==== The data

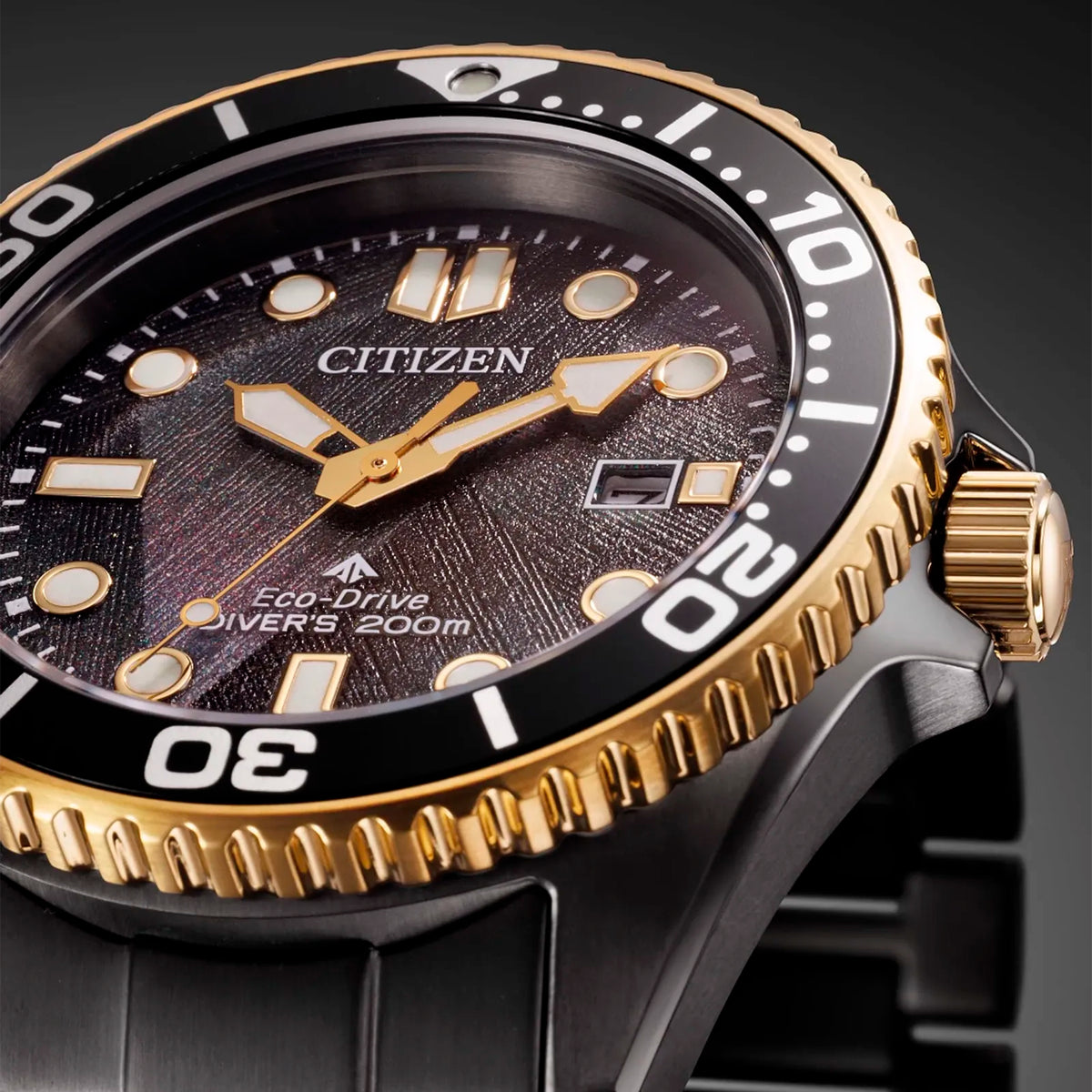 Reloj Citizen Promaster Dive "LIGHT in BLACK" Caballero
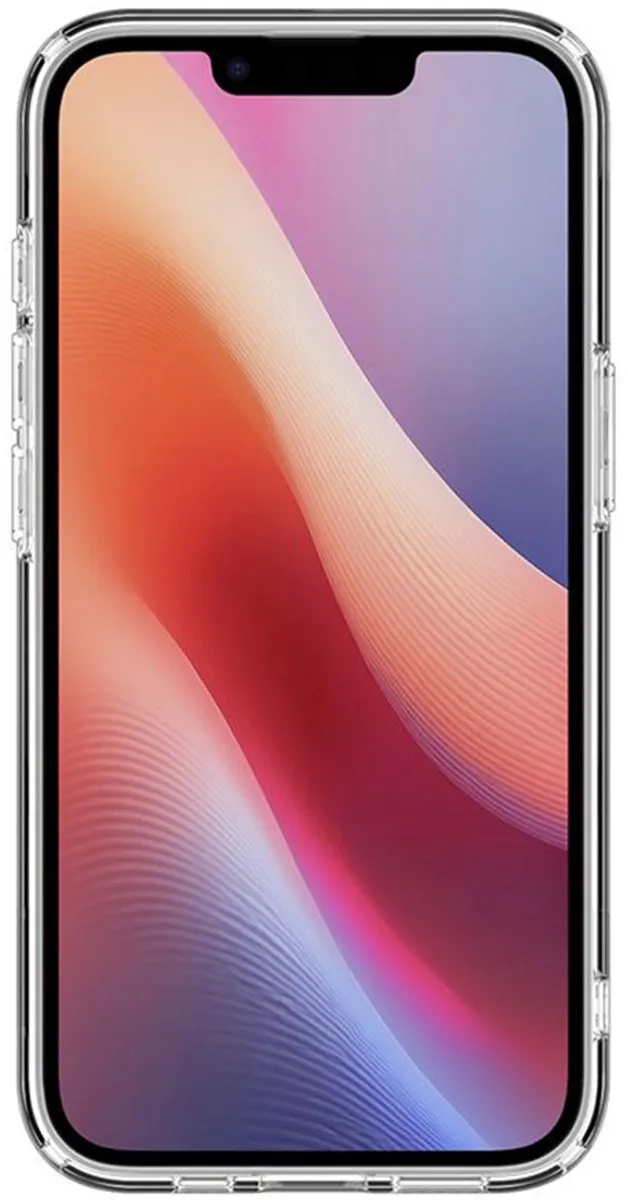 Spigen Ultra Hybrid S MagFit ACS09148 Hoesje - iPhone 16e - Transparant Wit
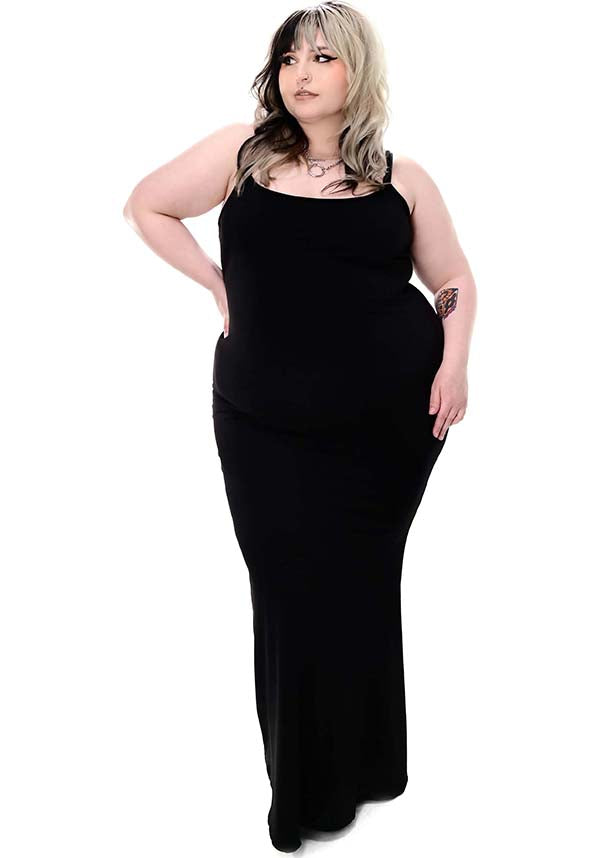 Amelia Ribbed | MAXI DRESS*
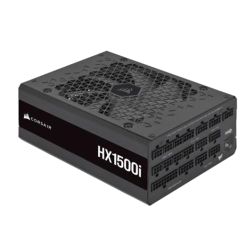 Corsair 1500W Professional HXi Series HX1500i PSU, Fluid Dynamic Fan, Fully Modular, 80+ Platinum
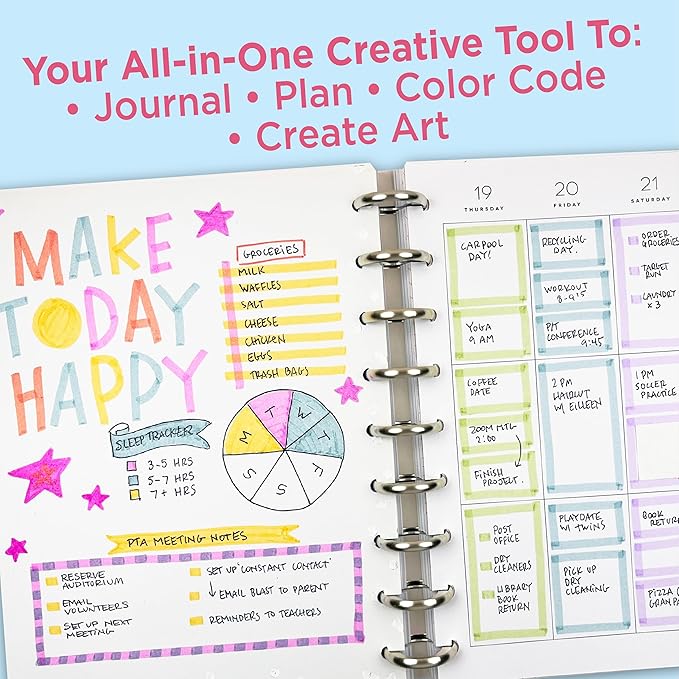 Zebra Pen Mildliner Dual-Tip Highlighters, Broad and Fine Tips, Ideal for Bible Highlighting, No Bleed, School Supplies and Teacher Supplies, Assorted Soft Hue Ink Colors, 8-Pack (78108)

========

Instructions for the task:
Before printing anything, remove the pictures; then print all the records exactly.

Finished exercise:
 Reloj Citizen Promaster Dive "LIGHT in BLACK" Caballero
 Spigen Ultra Hybrid S MagFit ACS09148 Hoesje - iPhone 16e - Transparant Wit
 Amelia Ribbed | MAXI DRESS*
 Corsair 1500W Professional HXi Series HX1500i PSU, Fluid Dynamic Fan, Fully Modular, 80+ Platinum
 Zebra Pen Mildliner Dual-Tip Highlighters, Broad and Fine Tips, Ideal for Bible Highlighting, No Bleed, School Supplies and Teacher Supplies, Assorted Soft Hue Ink Colors, 8-Pack (78108)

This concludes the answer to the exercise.